Problem statement: Print every entry again exactly, with no pictures.

Items from a dataset
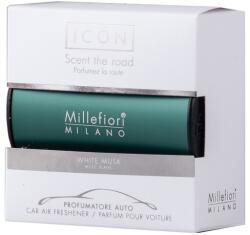  Parfum auto Millefiori Icon White Musk Verde clasic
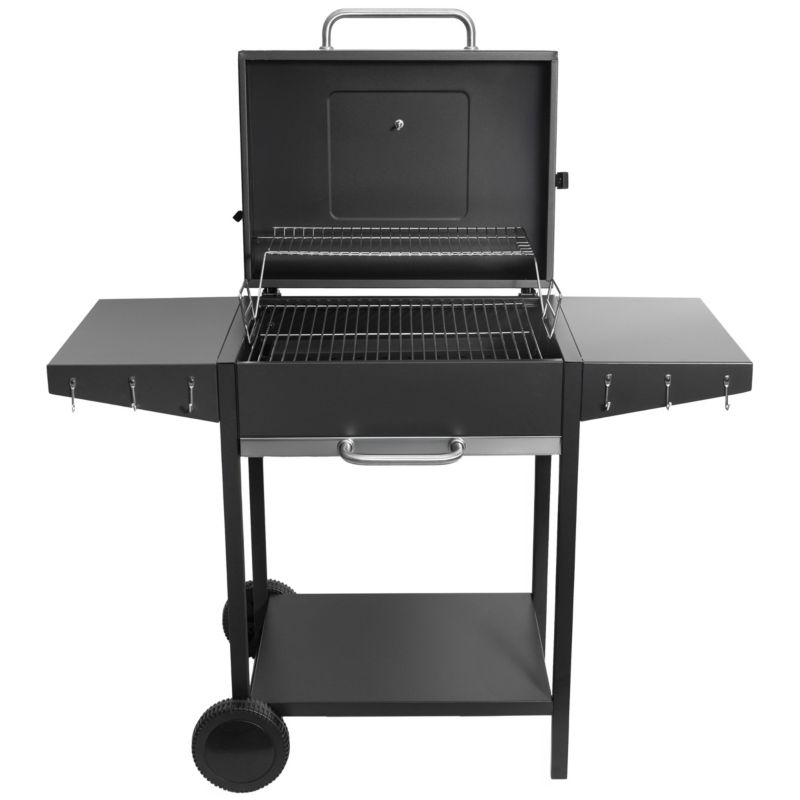 Grill Bauerkraft węglowy ruszt z pokrywą szuflada na popiół termometr 1 szt.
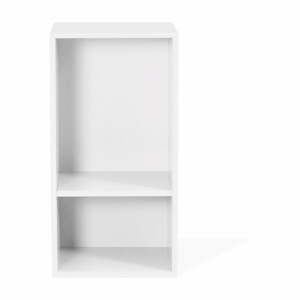 Fehér moduláris polcrendszer 70x36 cm Z Cube – Tenzo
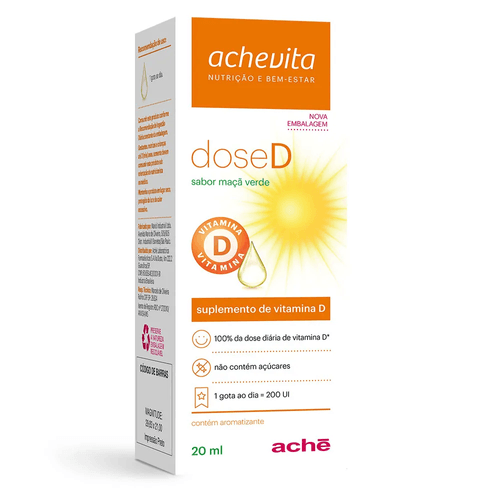 Dose D Gotas 20ml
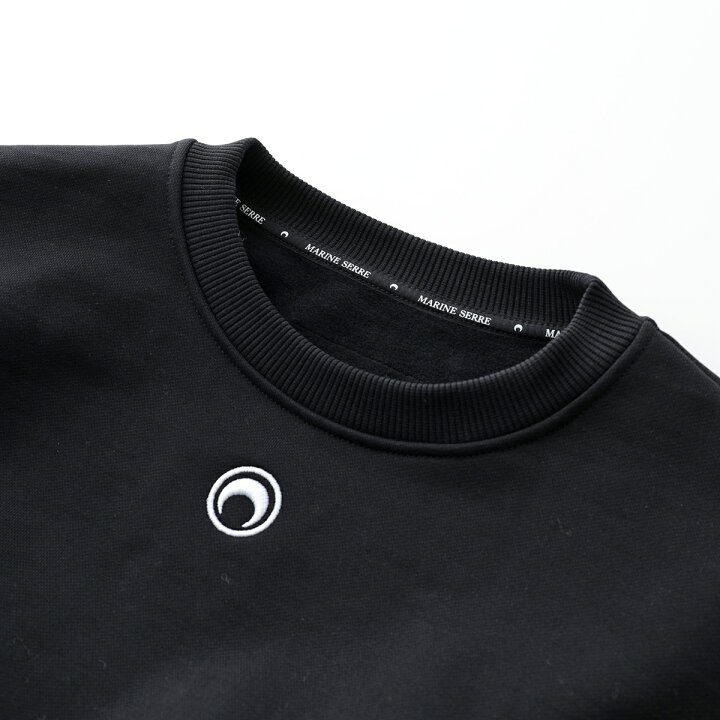 楽天市場】Marine Serre マリーン セル トレーナー Moon Logo Fleece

Output:
  Parfum auto Millefiori Icon White Musk Verde clasic
 Grill Bauerkraft węglowy ruszt z pokrywą szuflada na popiół termometr 1 szt.
 Fehér moduláris polcrendszer 70x36 cm Z Cube – Tenzo
 Dose D Gotas 20ml
 楽天市場】Marine Serre マリーン セル トレーナー Moon Logo Fleece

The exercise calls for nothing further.